Bring your leaders up to speed
Materiality assessment results should be shared with your company’s executive leadership and the board of directors, as the results will likely inform goals or initiatives that will require executive sponsorship. Support from leadership also ensures that ESG programs are well aligned with strategic organizational goals and priorities.
Because the results of the assessment are part of your company’s overall narrative, leadership should play an important role in determining how results will be used and published.
Embrace the disclosure debate
In the past, publishing materiality assessment results was the typical culmination of the materiality assessment process. However, as the ESG landscape continues to evolve, companies are increasingly balking at this norm. In deciding your own preference, consider these factors.
By publishing your materiality assessment results, you are candidly promoting broad stakeholder awareness of your specific ESG priorities and rationalizing your organization’s ESG initiatives.
Publishing results can help form a more cohesive story around your ESG programs. A materiality section as part of your corporate social responsibility report (e.g., Fresh Del Monte’s 2020 Sustainability Report) or as part of your sustainability website (e.g., Horace Mann) can add credibility to your corporate sustainability communications.

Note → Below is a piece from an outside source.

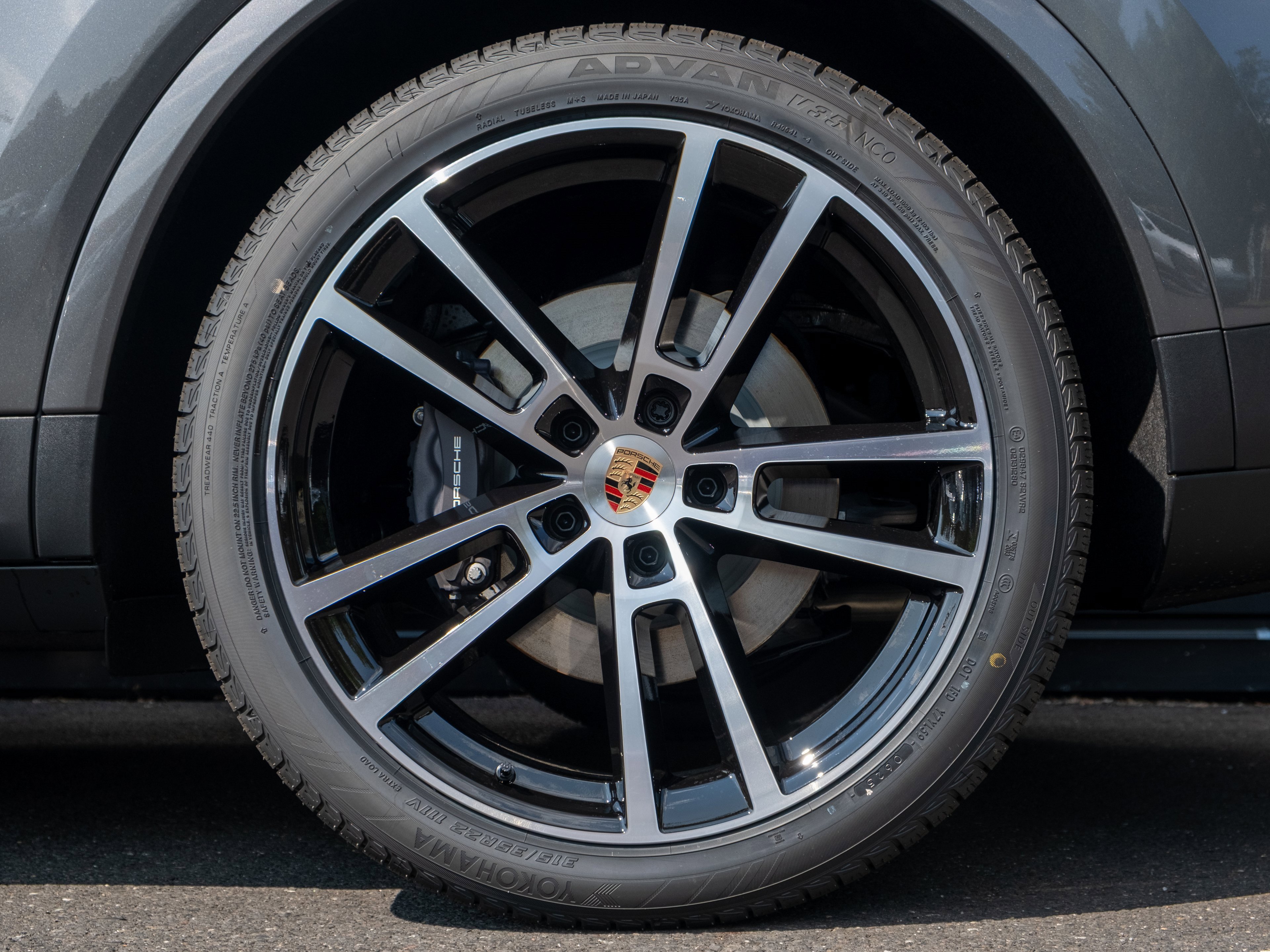 New 2026 Porsche Cayenne E-Hybrid image 13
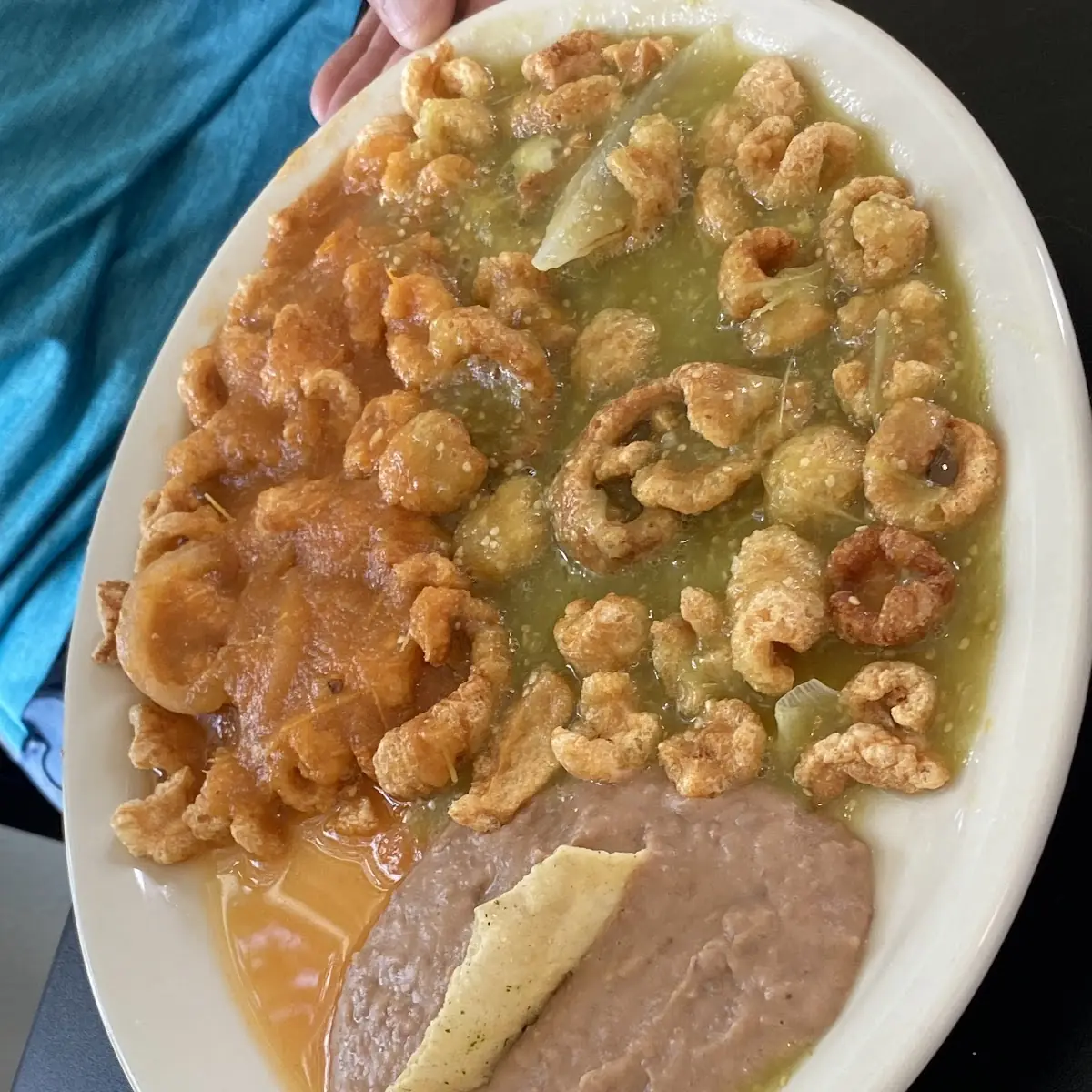 Chicharrón En Salsa Verde Y Roja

Some companies believe that the priorities and interests of its key stakeholders are competitive intelligence that should not be disclosed to the market in detail. Additionally, companies are keen to avoid setting long-term initiatives based on stakeholder priorities from a single snapshot in time.
Additionally, if universally important topics (e.g., diversity and inclusion) are categorized as “low priority” based on the materiality matrix results, stakeholders may incorrectly assume that the topic is deprioritized by the organization.
Pick your presentation
The materiality matrix is a common method of depicting materiality results graphically, typically illustrating each topic as points plotted on axes relating the importance to stakeholders and to the business. Frequently, companies will group topics into high-priority areas, mid-tier priority, and lower-tier topics, for example, Adobe (pictured below).
This is an effective depiction of results, particularly when assessment results align closely and logically with existing company initiatives or goals. Graphic representations of results, such as in a matrix, also make effective additions to CSR reports as they can help frame the topics included within the report. However, if the materiality results are not as well aligned or it is difficult to distinguish a trend, it is equally as acceptable to portray results in another format.
List of Material Topics
Companies may also choose to share materiality results in a list format. This is particularly effective for large, global companies that may have a large volume of material topics, such as Target (pictured below). Companies can also control the narrative around their materiality assessment more carefully, as opposed to producing a visual matrix that is more open to interpretation. The key drawback of this approach is that it does distinguish relative importance either to the company or to stakeholders.
Materiality assessments are a valuable element to a robust ESG program. Ensure you are making the most out of your materiality assessment and that you are staying in command of your company’s ESG narrative.